RNA extraction and RNA-Seq
Total RNA from the white and green parts of chimeric leaves was extracted separately using an RNeasy Plus Micro Kit (Qiagen, Hilden, Germany) following the recommendations of the manufacturer. The RNA integrity was assessed using RNA Nano 6000 Assay Kit and the Agilent 2100 Bioanalyzer system (Agilent Technologies, Santa Clara, CA, USA). Each RNA sample was subjected to DNase digestion (Takara) to remove any remaining DNA. mRNA enrichment, fragment interruption, adapter addition, size selection, PCR amplification and RNA-Seq were performed using the HiSeq X Ten platform (Illumina, San Diego, CA, USA).
Protein extraction, digestion, and TMT labeling
Proteins were extracted using a previously published protocol, and the resulting proteins were digested by trypsin and TMT labeled as previously described (Guo et al., 2017). After trypsin digestion, peptides were desalted using a Strata X C18 SPE column.
Peptide separation was performed using a reversed-phase analytical column (Acclaim PepMap RSLC; Thermo Scientific); peptides were subjected to a nanospray ionization source followed by MS/MS in Q Exactive™ PLUS (Thermo) coupled online to a UPL chromatograph.
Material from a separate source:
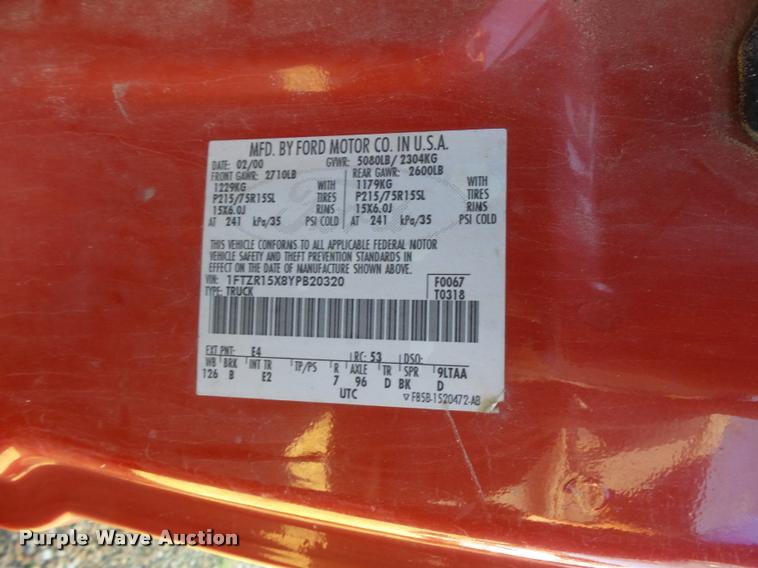 image for item BS9762 2000 Ford Ranger SuperCab pickup truck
Peptides were selected for MS/MS using a normalized collision energy setting of 30, and ion fragments were detected in the Orbitrap at a resolution of 17,500. A data-dependent procedure that alternated between one MS scan and 20 MS/MS scans with a dynamic exclusion of 30.0 s was applied. For the MS scans, the m/z scan range was 350 to 1800, and the first fixed mass was set to 100 m/z.
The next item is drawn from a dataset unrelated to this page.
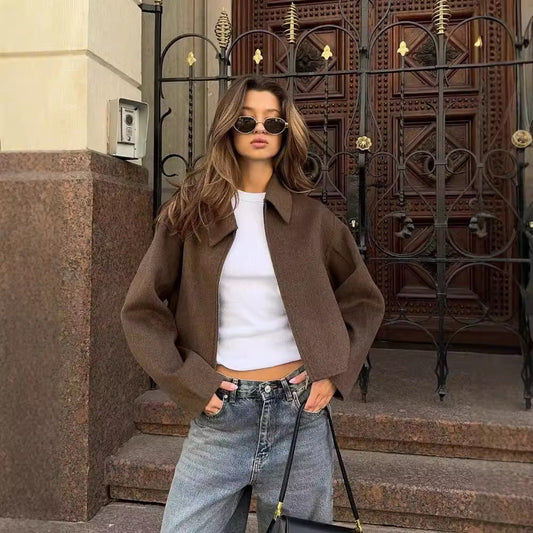 Zaara Jas | Herfst Cropped Wolmix Jas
The resulting MS/MS data were processed using a MaxQuant search engine (v.18.104.22.168). Tandem mass spectra were searched against the database obtained from the client (27,024 sequences). Trypsin/P was specified as a cleavage enzyme with up to two missing cleavages. The mass error was set to 10 ppm for precursor ions and 0.02 Da for fragment ions. Carbamidomethyl on Cys was specified as a fixed modification, and oxidation on Met was specified as a variable modification. For protein quantification, TMT-6plex was selected in the MaxQuant search. The FDR was adjusted to <1%, and the peptide ion score was set to ≥20.
To identify the DEGs, all unigenes were searched for in the NCBI non-redundant (ncbi-nr) database as well as the Swiss-Prot database, eggNOG database and InterPro database. Analysis and identification of DEGs between Whs and Grs were performed using R with edgeR package. Unigenes with an adjusted p-value <0.05 and |log2fold change| >1 between Whs and Grs were designated DEGs. Functional annotation of differentially accumulated transcripts and protein species were conducted using GO annotation and the KEGG database (Conesa et al., 2005; Tatusov et al., 2000). For protein quantitative analysis, a fold-change cut-off of >1.3 and <0.77 were set to identify protein species with high and low abundance, respectively, at a p-value <0.05.
Results & Discussion
Chlorophyll and carotenoid content analysis of Whs and Grs
Leaves of albino mutants have been associated with significantly lower chlorophyll and carotenoid contents than wild-type leaves (Liu et al., 2016a; Liu et al., 2016b). In our study, Chl and carotenoid contents were significantly different between Whs and Grs (Table 1), with Grs having approximately 16 and 17 times that in Whs, respectively. Chl a decreased significantly in Whs, accounting for only 3.21% of that in Grs, and Chl b in Whs accounted for 14.94% of that in Grs. Chl a/b levels were significantly lower in Whs than in Grs by 80%; thus, Chl a decreased more than did Chl b.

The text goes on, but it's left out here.